In this context, a module is a collection of units; in other words, a class. Similarly, we can understand a component as an aggregation of modules (or classes) that can be grouped to offer a higher order of functionality. For many teams, a component will be something that can be developed, deployed, and/or installed independently, and will typically refer to them as a JAR file in Java, a DLL in .NET languages or, more generally, a library. However, some other teams with larger codebases will choose a bigger unit of measurement when defining what a component is, and will typically refer to them as frameworks or systems. The definition of the concept of a component will have an impact on the applicability of some of the guidelines, so teams should choose a definition carefully and potentially review it over time.

Finally, a codebase is a version-controlled collection of software; this typically means a repository in GIT-based systems, or an independent subfolder in Subversion or CVS-based systems.

As you will see, the architectural guidelines will apply to progressively broader aspects of the software, leaving behind the fine-grained details of the unit guidelines.

Separate Concerns in Modules

Modules, or classes, are meant to be representations of domain concepts; if you can’t explain what a class does in a couple of simple sentences, then that class either represents more than one concept or represents a concept that is too general or abstract.

A class that holds too much responsibility will be troublesome in several ways. First, it is likely to become a change hotspot. Since it has so many responsibilities, it will affect a large proportion of the business logic, and therefore the probability that it needs to be modified upon any new request will be high. Change hotspots create long (and difficult to browse) change logs and increase the probability of clashes between programmers, potentially disrupting the natural team flow.
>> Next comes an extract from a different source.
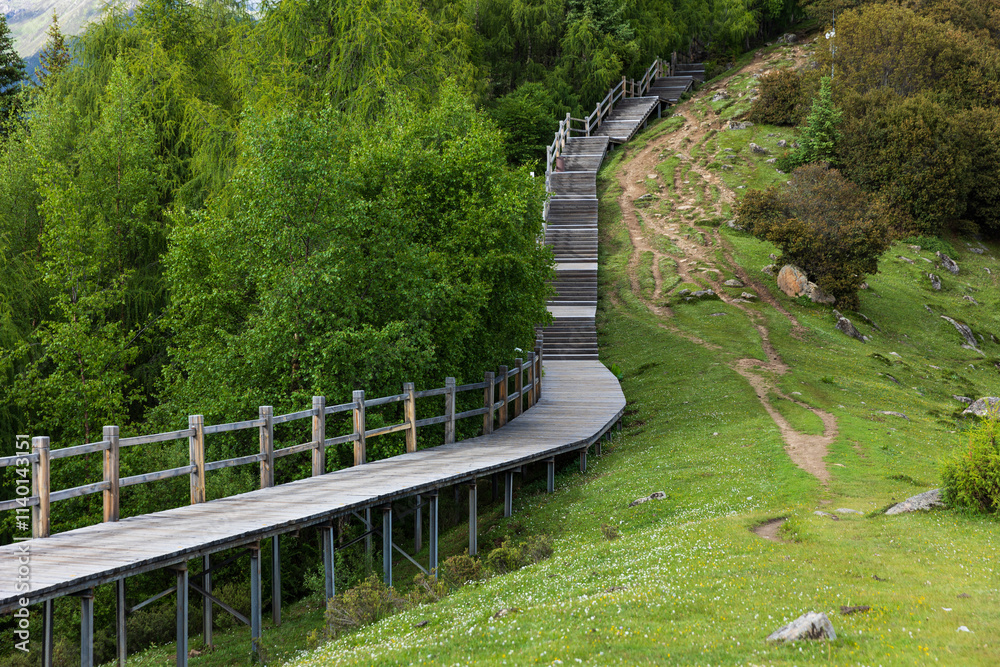 A wooden boardwalk on the hillside of Haizigou in Aba, Sichuan province, China A wooden boardwalk on the hillside of Haizigou in Aba, Sichuan province, China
Second, big classes have the risk of becoming a dumping ground for difficult design decisions. When new functionality needs to be added to a system and programmers are unsure about where that new functionality should go, it is not uncommon for people to choose an existing big class whose purpose is not entirely clear anyway.
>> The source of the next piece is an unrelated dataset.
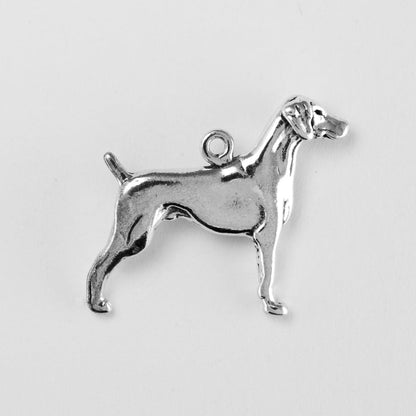 Weimaraner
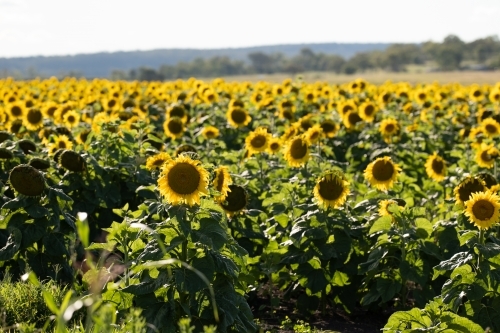 Sunflower field in bloom - Australian Stock Image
Finally, big classes that concentrate a lot of logic in one place will be highly utilized by other classes in one way or another. This means we are creating a class with a high degree of change (and therefore a higher risk of accidents) and high exposure (and therefore a higher impact on accidents), and creating areas of code with high risk and impact is never a good idea.

Deciding how well a team is applying “Separate Concerns in Modules” is a little subjective. The general suggestion is to try and apply the Single Responsibility Principle, for which there is plenty of documentation— although even then some people may argue whether a particular scenario represents one single but complex principle or two independent but related principles. Some heuristics that can help are the size of the class (beyond 100 lines seems suspicious for a single principle) or the rate of public versus private methods (too many private methods may expose complexities that belong somewhere else). However, each team will have to decide what their own metrics are and how they are to be applied.
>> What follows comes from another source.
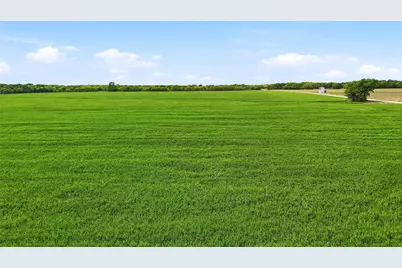 200+ Acres Davis Road, Whitesboro, TX 76273 - Photo 6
Couple Architecture Components Loosely

This guideline is similar to the previous one, but it is applied at an even higher level. With “Separate Concerns in Modules,” we tried to limit the responsibilities of a class so as to limit the dependencies upon it. With “Couple Architecture Components Loosely,” we try to do the same but with regards to components.

Like it happened with the previous guideline, it’s a bit difficult to establish general parameters that highlight when architecture components are loosely coupled and when they aren’t; the final decision may be different from team to team. However, there are some general principles that can be applied.

First, we can draw a diagram of all the different components in our system and connect them to represent their dependencies. With this kind of diagram, we can look for components that accumulate too many incoming dependencies. For instance, in the following diagram we can see how component A is tightly coupled with the rest of the architecture, while component B isn’t. Modifying component A can have repercussions in almost every other component of the system. This turns modifying component A into a risky affair, which makes it more difficult to maintain. Component B, on the other hand, has a much lower potential impact, which makes it more maintainable. In this situation, we probably should look into splitting component A into smaller, less tightly coupled components.

Second, we can analyze how much of each component is being exposed. For instance, if we were considering a component to be a JAR file, we would check which classes within the component are being accessed when there are calls from other components. Ideally, the exposed portion of the component will be as small as possible, since exposed classes cannot be modified safely without impact to dependent components. As an example, changing the signature of a method that is being called from a different component will instantly cause a compilation failure unless the caller is updated at the same time; if there are many callers, this may be impractical.

Unfortunately, depending on the language there may not be an easy way to analyze the proportion of a component that is being exposed. In C#, the developer can use different access modifiers for classes that are to be available only within the component (internal) or from everywhere (public). Java, however, doesn’t currently have this capability, although the new Module System in plan for Java 9 will provide it. This means that, once again, how this guideline is applied will depend on each particular team.

Keep Architecture Components Balanced

As systems grow, it may become too easy to get lost in the many facets of it, and when this happens it may become easy to miss systemic issues. This is why software needs to make sense also from a high-level point of view.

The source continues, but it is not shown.